====== Data to use ======

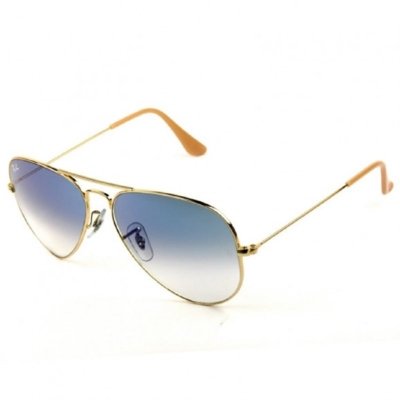 Oculos Solar Ray-Ban Rb3025L 001/3F58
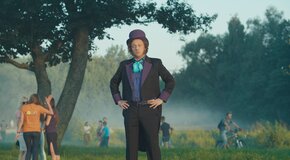 Гоша Куценко и группа ГК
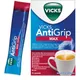 Vicks AntiGrip Max, 1000 mg + 16 mg + 4 mg, 14 saszetek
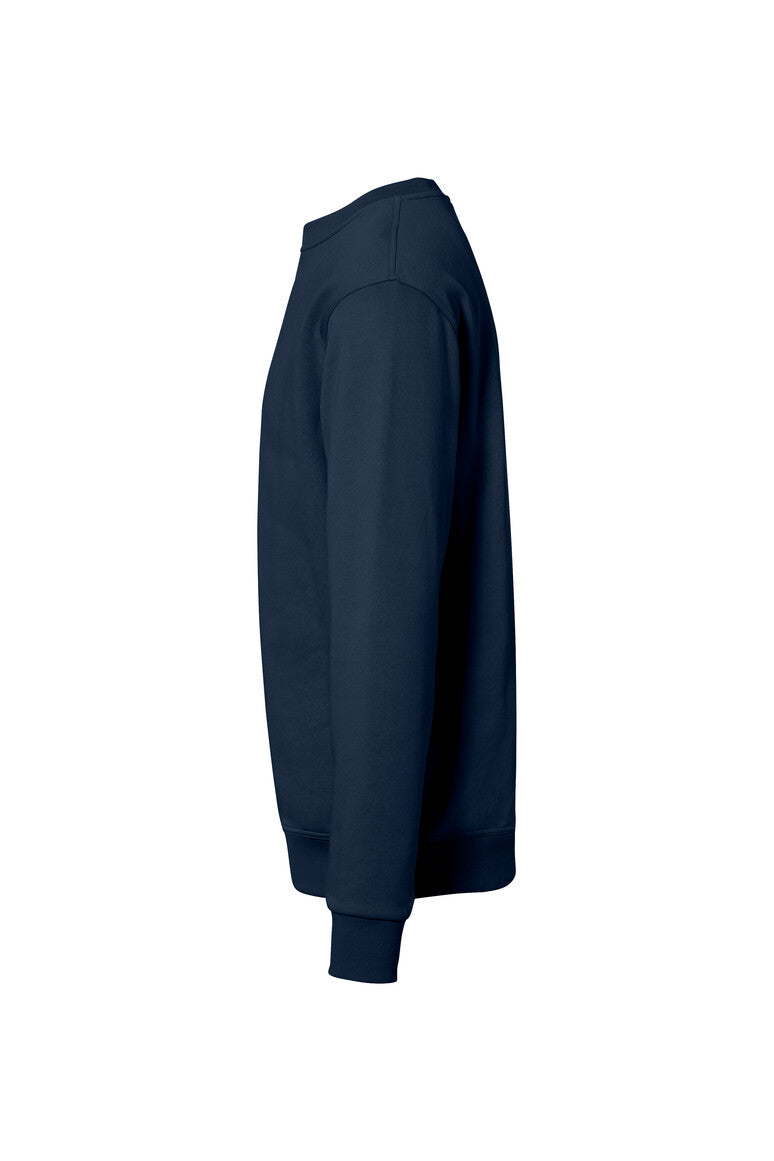HAKRO Sweatshirt Premium - Marine - 2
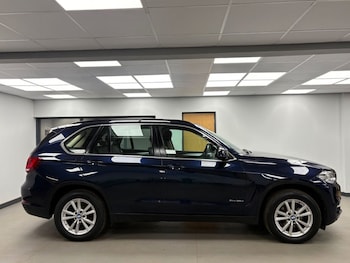 Used BMW X5 2015 for sale - 75947824: Photo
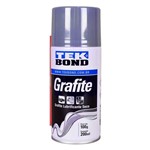Ficha técnica e caractérísticas do produto Grafite Spray Seco 200ML/100G TEKBOND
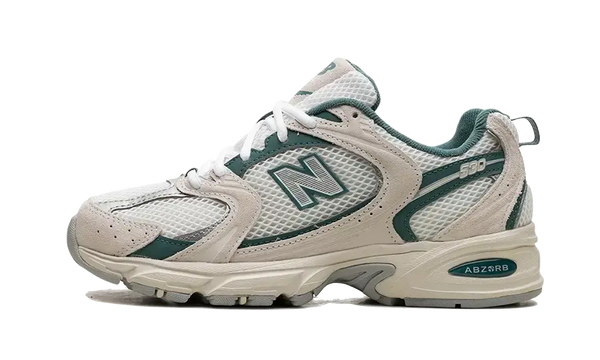 New Balance 530 Beige Verde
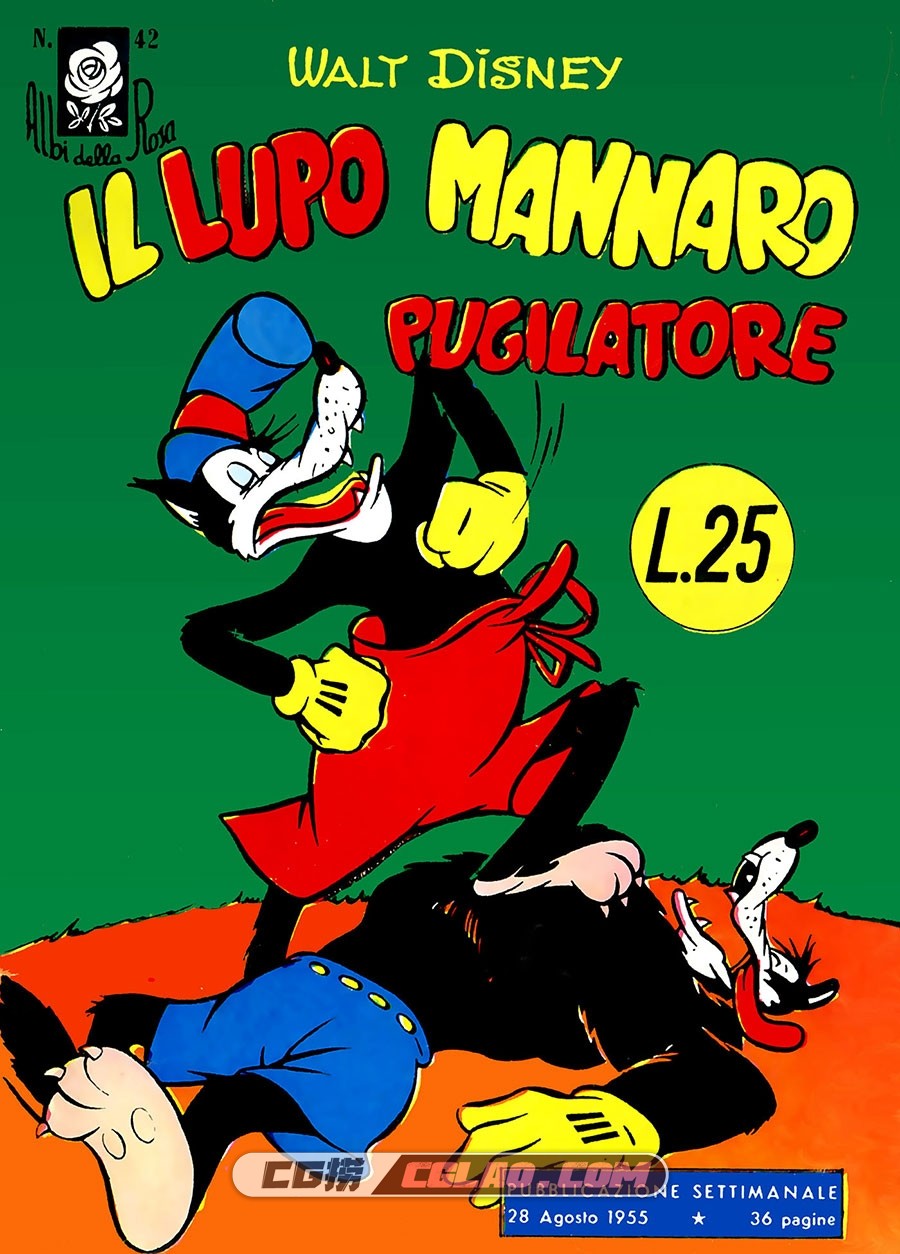 Albi Della Rosa 第42卷 Il Lupo Mannaro Pugilatore 漫画 百度网盘下载,AdR042_Jedi&amp;Dfx-001.jpg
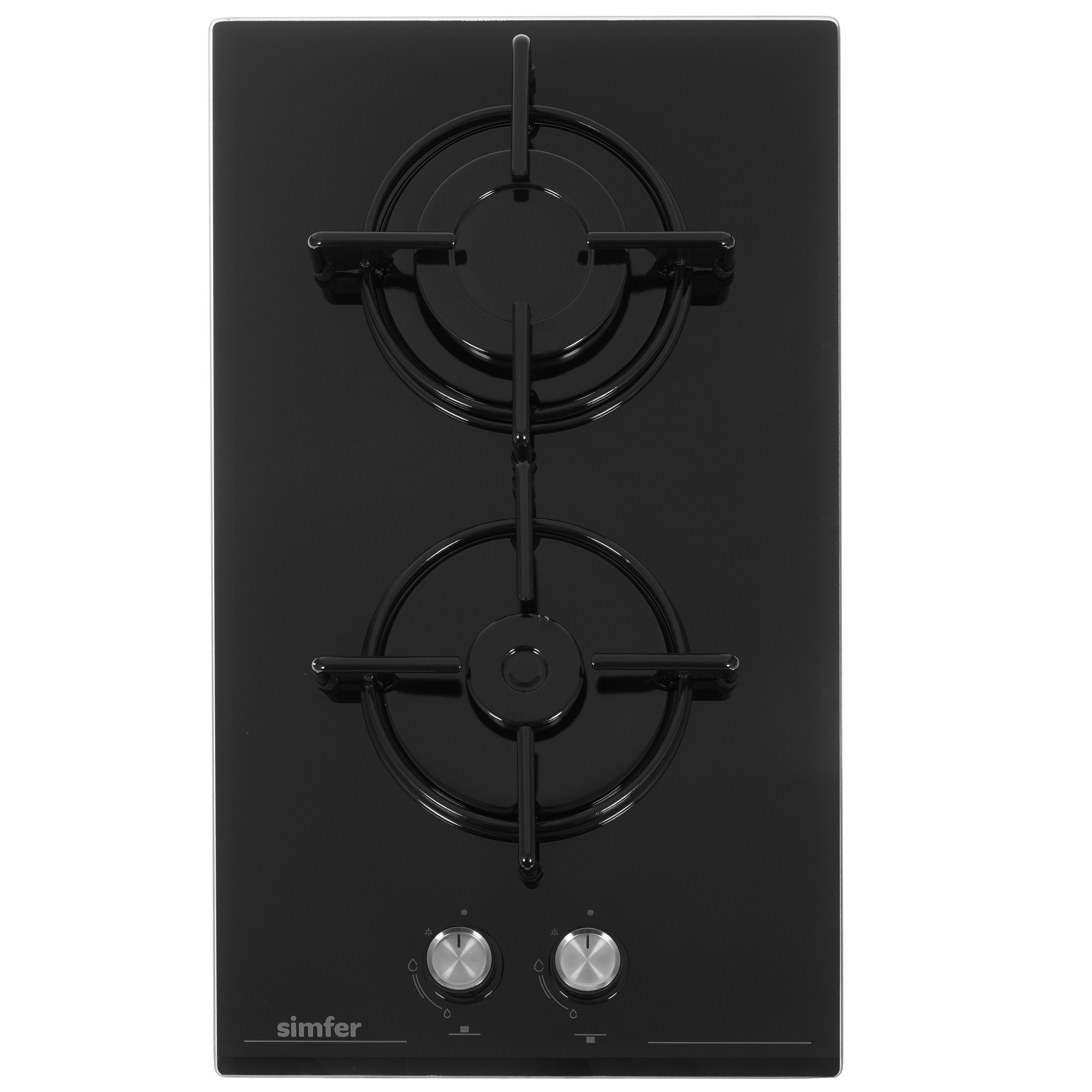 8180936 Газовая варочная поверхность Simfer H30N20B416 STDN-0056785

======

## Work item
Copy out every line above without change, dropping the pictures.

## Output for this exercise
 Oculos Solar Ray-Ban Rb3025L 001/3F58
 Гоша Куценко и группа ГК
 Vicks AntiGrip Max, 1000 mg + 16 mg + 4 mg, 14 saszetek
HAKRO Sweatshirt Premium - Marine - 2
 Used BMW X5 2015 for sale - 75947824: Photo
Ficha técnica e caractérísticas do produto Grafite Spray Seco 200ML/100G TEKBOND
 New Balance 530 Beige Verde
 Albi Della Rosa 第42卷 Il Lupo Mannaro Pugilatore 漫画 百度网盘下载,AdR042_Jedi&amp;Dfx-001.jpg
 8180936 Газовая варочная поверхность Simfer H30N20B416 STDN-0056785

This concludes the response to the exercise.